It’s 9:50pm and I wouldn’t be expecting any call from anyone again by this time.
The only people permitted to call me from this time beyond are people I consider family (blood relatives and family by choice).
So mirror my shock when I get a call from my friend. Not family. Just friend.
At first I was like, “Why’s X calling me at this time?”
He was even calling on the phone I hate to pick calls on…
It took about 30 seconds to decide whether or not to pick before the call cut. So I picked.
And after the greetings, I asked the question dangling in the air…
“Are you okay?”
I could tell from the tone of his voice that he really wasn’t himself, but I also didn’t know if that’s just how his voice was in the nighttime.
So I needed to be sure…
“I’m not really okay”
“What’s going on?”
“I lost someone today.”
Yo. I froze.
I didn’t know how to feel. And I know he called because he needed comfort but I didn’t know what to say.
So I said a quick prayer in my heart for God to give me the right words.
And glory to God, HE came through.
What my friend was struggling with when he called me regarding the loss of his friend was that he had been numb since.
He hadn’t cried at all since he heard the news in the morning
And I could tell with the way he was explaining his numbness that he was starting to feel guilty.
So I said something to him which I’m just going to drop here for whoever is struggling with crying when they receive bad news…
Crying isn’t the only way to feel.
You lost someone, a job, an opportunity, and you don’t cry?
That doesn’t make you less of a person. It makes you human.
It means your body is still trying to process the shock of the news you just received. Just because crying has been normalized as the go to for feeling all sorts of emotions doesn’t mean it’s the only way to feel.
You should not feel guilty if you don’t cry at the sound of bad news. You should not feel guilty if you don’t cry at the sound of good news.
Stop pressuring yourself. You’re human. You’re different. Your body might react differently to news like this for different reasons.

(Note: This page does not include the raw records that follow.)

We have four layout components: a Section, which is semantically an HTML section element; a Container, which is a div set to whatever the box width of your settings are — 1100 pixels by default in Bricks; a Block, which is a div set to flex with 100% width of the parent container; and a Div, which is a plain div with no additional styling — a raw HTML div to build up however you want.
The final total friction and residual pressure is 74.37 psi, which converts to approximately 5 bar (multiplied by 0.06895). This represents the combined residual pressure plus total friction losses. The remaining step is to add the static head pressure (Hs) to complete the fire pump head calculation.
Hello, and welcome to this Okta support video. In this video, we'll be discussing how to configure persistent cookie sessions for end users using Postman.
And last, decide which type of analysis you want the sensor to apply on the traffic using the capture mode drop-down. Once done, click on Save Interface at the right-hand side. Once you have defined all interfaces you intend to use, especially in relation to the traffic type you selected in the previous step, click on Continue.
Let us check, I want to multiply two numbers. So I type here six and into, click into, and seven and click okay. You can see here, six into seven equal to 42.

It doesn’t mean the news doesn’t affect you. Your body just doesn’t know how to react yet and that’s okay. You hear? It’s okay.
So I went on to tell my friend that it’s not because he doesn’t miss the person or never loved the person he lost that he was feeling that way. His body just didn’t know how to mirror the pain and hole in his heart.

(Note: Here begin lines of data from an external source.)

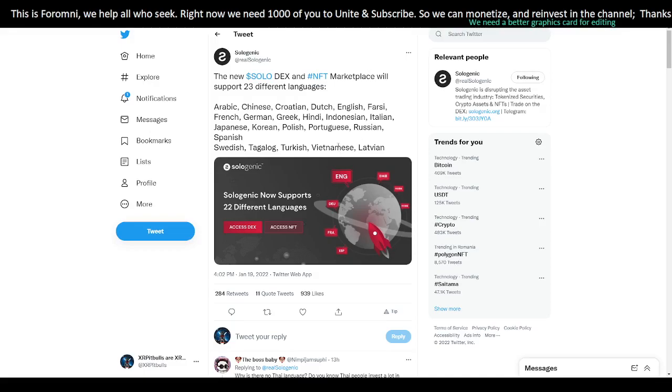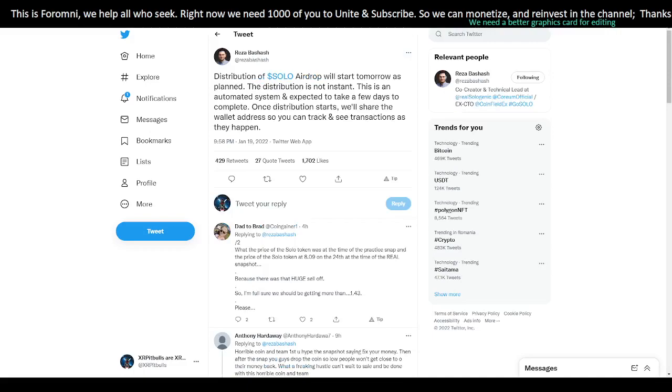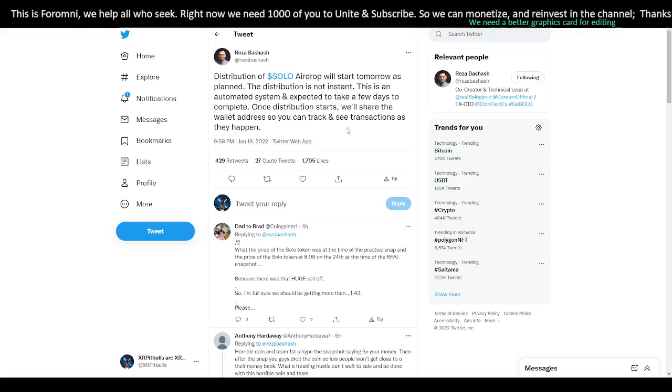Now, with more news from Reza Bashash, the other founder of Sologenic. I apologize if I said your name wrong. He has this to say: The distribution of Solo Airdrop will start tomorrow as planned. The distribution is not instant. This is an automated system and is expected to take a few days to complete. Once distribution starts, we'll share the wallet address so you can track and see transactions as they happen.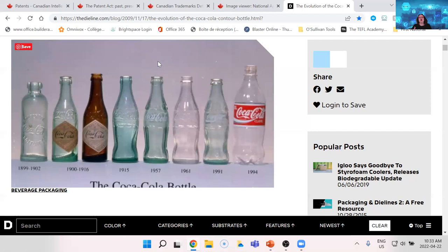Coca-Cola uses three types of intellectual property: first, the Coca-Cola trademark; second, the industrial design of the glass bottle shape. And they're using a third form of IP that will be explained after integrated circuits — once we're done with that topic.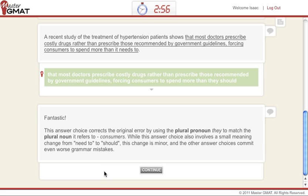Okay, so that's it. That's how we deal with a "rather than" parallelism question. Not too difficult, but it's worth knowing — it's an easy point on the GMAT. Until next time, take care.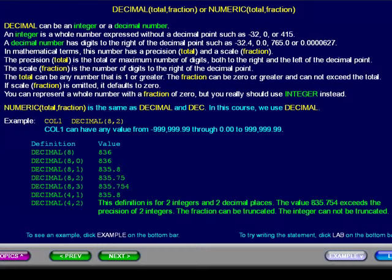The total can be any number that is one or greater. The fraction can be zero or greater and cannot exceed the total. If scale, or fraction, is omitted, it defaults to zero. You can represent a whole number with a fraction of zero, but you really should use integer instead.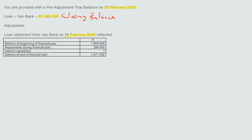The loan statement from Van Bank reflected the following: opening balance was one million eight hundred and fifty thousand; total repayments during the financial year were three hundred and eighty-four thousand. Normal interest is capitalized — meaning the bank charges interest every month on the updated balance, and that interest is added to the balance before charging interest the following month.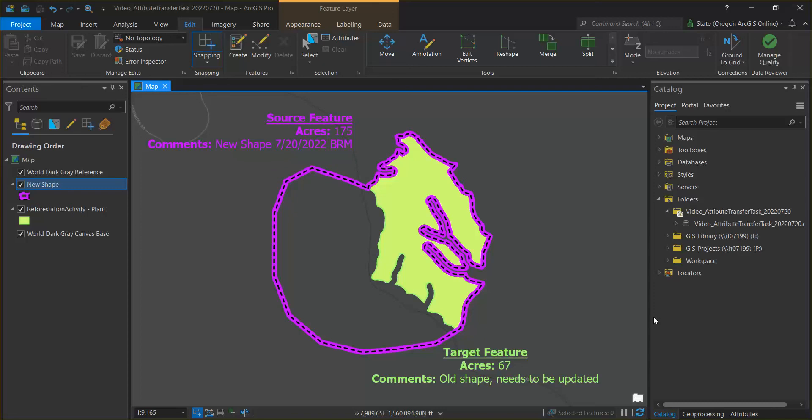This video will demonstrate the ArcGIS Pro attribute transfer tool, which is a powerful tool that allows you to update an existing feature geometry and attributes from an alternate source.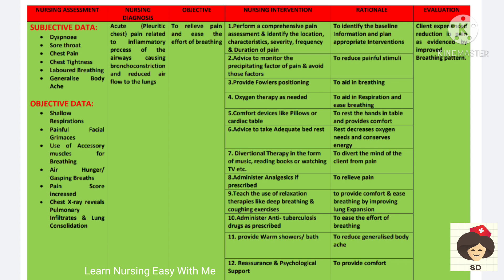Tell the patient to take adequate bed rest to decrease oxygen needs and conserve energy. Diversional therapy in the form of music, reading books, or watching TV will help divert the mind of the patient. Prescribed analgesics can be given. Relaxation therapies like deep breathing and coughing exercises can relax and help the patient in breathing. Anti-tuberculosis drugs should be administered to treat the infection. Warm showers or baths can be given to treat generalized body ache, and reassurance and psychological support will provide comfort.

I asked him how he had been dealing with it throughout the day, and he said…
“I had to work.”
Omo!
Can we just talk about how life literally doesn’t wait for you to be human sometimes?
You lose someone but then there are still responsibilities to fulfill so you have to show up regardless of how you feel?
Sometimes, it’s not easy being human
It’s not easy showing up after losing someone
It’s not easy showing up after losing an opportunity
It’s not easy showing up for anything when life hits you hard
It’s not easy!
And that’s why I keep saying this, I can’t do this life without Jesus!!!
Because on the days I’d rather give up and just let life be moving on without me? He shows up as my strength
On the days when I feel so broken and would rather slip into depression? He shows up as my comforter
Sometimes, He shows up through the people in my life
Some other times, He shows up Himself
But everyday, as I call on Him, He shows up.
I’ve said a lot of things in this post already. But here’s how I’ll end this…
If you see an unusual call from a friend, please pick.
If I hadn’t picked his call tonight, he’d have probably gone to sleep with a very heavy heart
So even if you don’t check on your friends regularly because life is lifeing, pick their calls when it’s out of the blue.
Sometimes, Jesus needs you to show up as a comforter for others. Not because the Holy Spirit isn’t enough. But because we’re humans & we’re created for each other.
When God created Adam, why didn’t he just leave him alone in the garden? He had the presence of God to keep him company yet God said it wasn’t good for him to be alone? Phew! (We’ll continue this conversation another day).
But see ehn. In this life, inasmuch as you want other people to show up for you, show up for them.
We need each other to survive on this planet abeg. No one was meant to do life alone.
Till you hear from me…
I pray God gives us the strength, grace and wisdom to show up as His representative in our community in Jesus name. Amen.